WHAT YOU WILL DO
Your job is to give again, exactly and with no additions, the lines in the records below from the one with "Detail Contoh Hewan" through the one with "Six packets from", both included. Omit the pictures.

--- DATA IN THIS EXERCISE ---

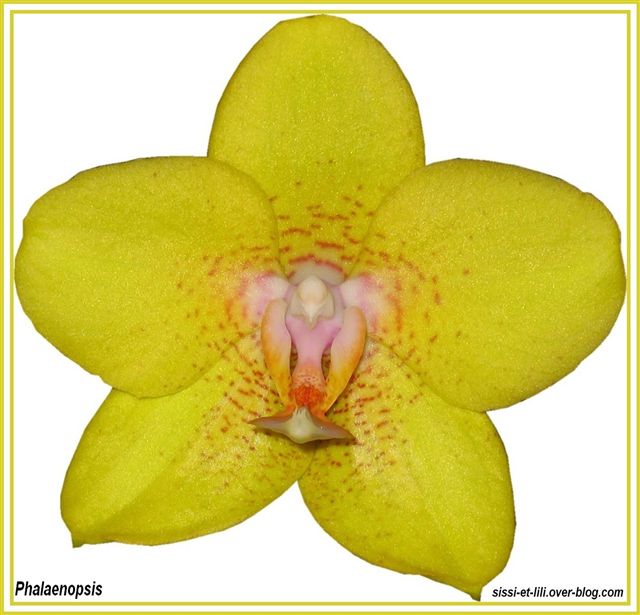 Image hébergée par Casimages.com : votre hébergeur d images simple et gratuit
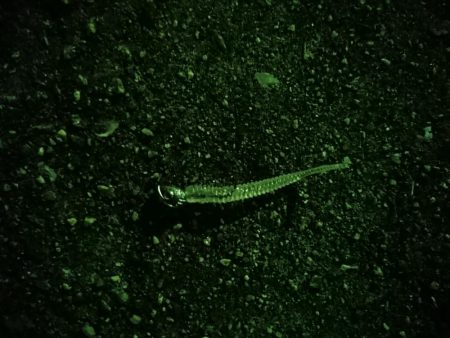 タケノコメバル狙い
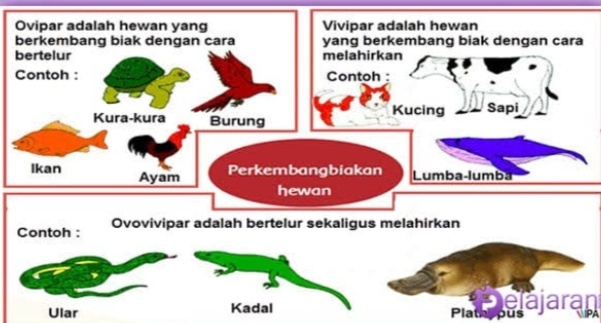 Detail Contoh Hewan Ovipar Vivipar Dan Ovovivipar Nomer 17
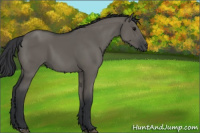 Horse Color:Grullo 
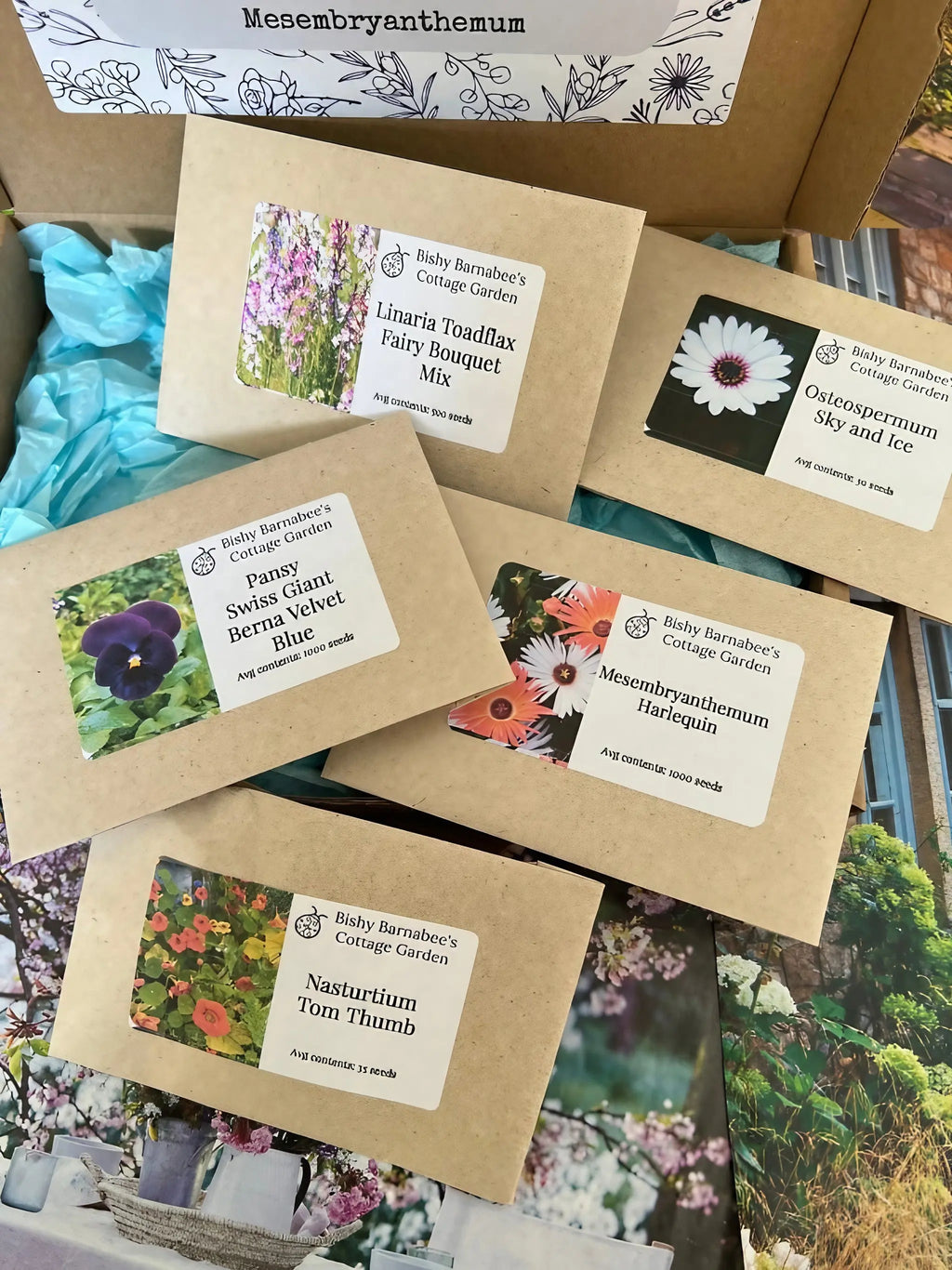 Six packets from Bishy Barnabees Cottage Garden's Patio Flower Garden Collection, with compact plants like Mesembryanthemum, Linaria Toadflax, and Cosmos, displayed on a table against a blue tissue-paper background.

---
--- DATA IN THIS EXERCISE ---

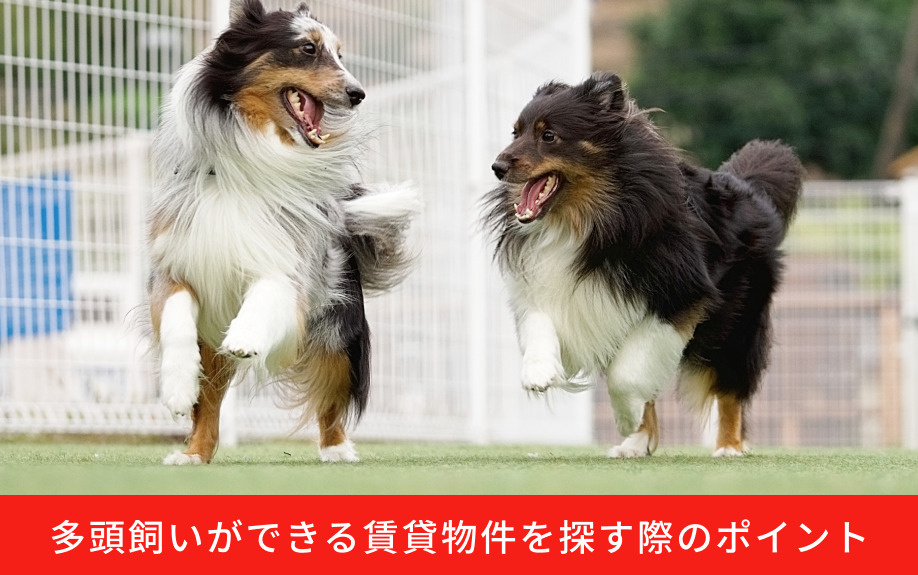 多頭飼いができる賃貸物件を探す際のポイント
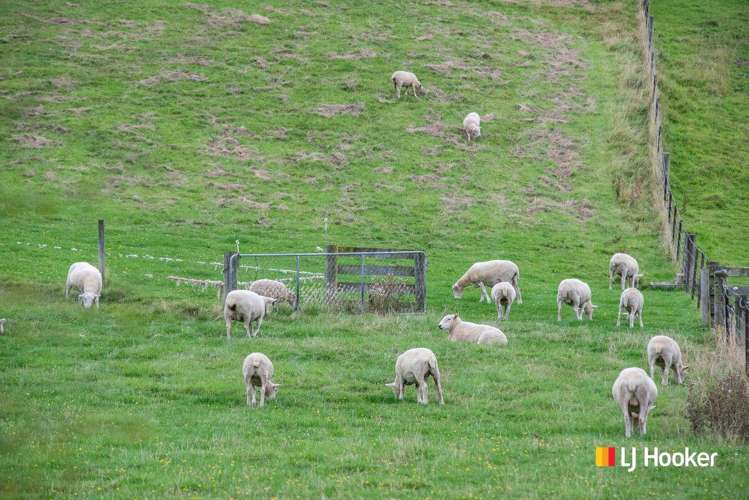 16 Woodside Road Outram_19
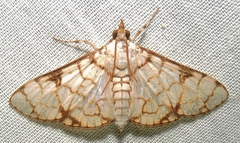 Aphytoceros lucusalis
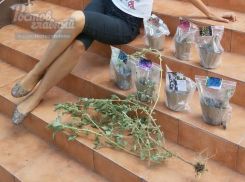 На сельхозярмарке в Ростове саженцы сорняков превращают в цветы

---

ANSWER BOX
 Detail Contoh Hewan Ovipar Vivipar Dan Ovovivipar Nomer 17
 Horse Color:Grullo 
 Six packets from Bishy Barnabees Cottage Garden's Patio Flower Garden Collection, with compact plants like Mesembryanthemum, Linaria Toadflax, and Cosmos, displayed on a table against a blue tissue-paper background.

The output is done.